Le nom de Gérard Philipe… Ce fut peut être le dernier grand mort des « arts et spectacles », tel qu’on put le voir durant ce « dernier hiver du Cid» que raconte Jérôme Garcin dans son livre[1]. C’était le temps, il y a soixante années, où tout le pays pouvait se rassembler au chevet d’un homme qui l’avait fait rêver. Cocteau était encore là, c’est lui qui était chargé de trouver les mots et tout le pays écoutait, se recueillait à l’annonce d’un événement qui le touchait au cœur. Cocteau s’adressait directement à l’acteur, « nous ferons en sorte que ta courte gloire devienne longue »… Le mot même de « gloire » paraît aujourd’hui suranné, hors du cadre où se déroulent désormais les adieux publics. Et pourtant, ce que réveille Garcin dans son livre, c’est bien ce qui est caché aujourd’hui à l’intérieur d’un tel mot. Mort à 36 ans d’un cancer foudroyant, Gérard Philippe avait incarné tous les rôles de la gloire littéraire, d’Hamlet au prince de Hombourg, au Cid et à tant d’autres. On peine à se représenter la puissance de l’acteur dans une époque telle que la nôtre qui a tout vu. Philipe la possédait, cette puissance, au degré supérieur qui donnait à sa relation au public un caractère d’intensité incomparable. Pensons à un Jean Marais qui touchait aussi à l’étincelant. Mais Marais avait quelque chose d’un peu lourd, l’épée lui traînait au côté, il y avait de l’emphase chez lui, qui convenait parfaitement au type de héros qu’il incarnait à l’écran.

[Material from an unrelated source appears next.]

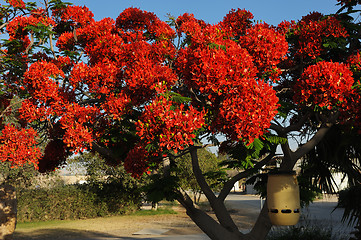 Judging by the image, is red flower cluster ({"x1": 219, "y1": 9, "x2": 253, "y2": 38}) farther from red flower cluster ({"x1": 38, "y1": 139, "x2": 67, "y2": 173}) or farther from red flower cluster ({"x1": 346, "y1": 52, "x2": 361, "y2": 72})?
red flower cluster ({"x1": 38, "y1": 139, "x2": 67, "y2": 173})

Avec Philipe, rien ne raclait au sol, c’était l’ange qui passait d’un seul coup d’épée. Une incarnation de la jeunesse foudroyante, comme au beau temps de la « Tulipe noire ». L’on voulait que cela ne s’arrête pas, que la tulipe résiste à tout, par le sourire et la rapière de fine lame. C’était possible, la preuve, il était là, nous rassurant sur la prochaine bagarre. Ce qui émeut, à la lecture du livre de Garcin, qui a choisi la sobre chronologie du compte à rebours, c’est la netteté de ce destin, la rigueur pourrait-on dire d’un tel passage parmi nous. Par quel bienheureux hasard la lecture de ce livre croise-t-elle à nos oreilles de ces derniers jours le merveilleux Pierre et le loup de Prokofiev conté par Philipe, se faisant lui-même semblable par la voix à l’imprudent petit Pierre ? Dans l’histoire que raconte Garcin, c’est le « grand loup gris » qui gagne la bataille. Mais quelle bataille ? Comme nous aimerions le rejoindre dans la prairie et grimper à l’arbre d’où l’on voit mieux les chaumes et les oiseaux de grandes vacances ! L’écrivain Georges Perros qui le connut bien, dans les parages de la Comédie-Française, aurait campé un merveilleux Sancho à son côté. Mais Perros, confiné dans sa Bretagne, bougonnait dans sa pipe ; il fallait le déménager pour le voir, ce n’était pas facile et Perros ne voyait pas l’ombre du loup s’avancer à bas bruit (il s’avançait aussi pour lui). Ce que raconte ici le livre, c’est la dernière visite du loup, prenant son monde au collet, sans plus attendre. Gérard Philipe a été un petit Pierre à lui-même. Il n’ y avait sans doute pas de meilleur parti que celui adopté par Garcin pour ressaisir une fois encore l’éclat de ce jeune homme de trente-six ans. Un trait d’épée dans la nuit.

 

[1] Gallimard, 2019, 208 p., 17,50€.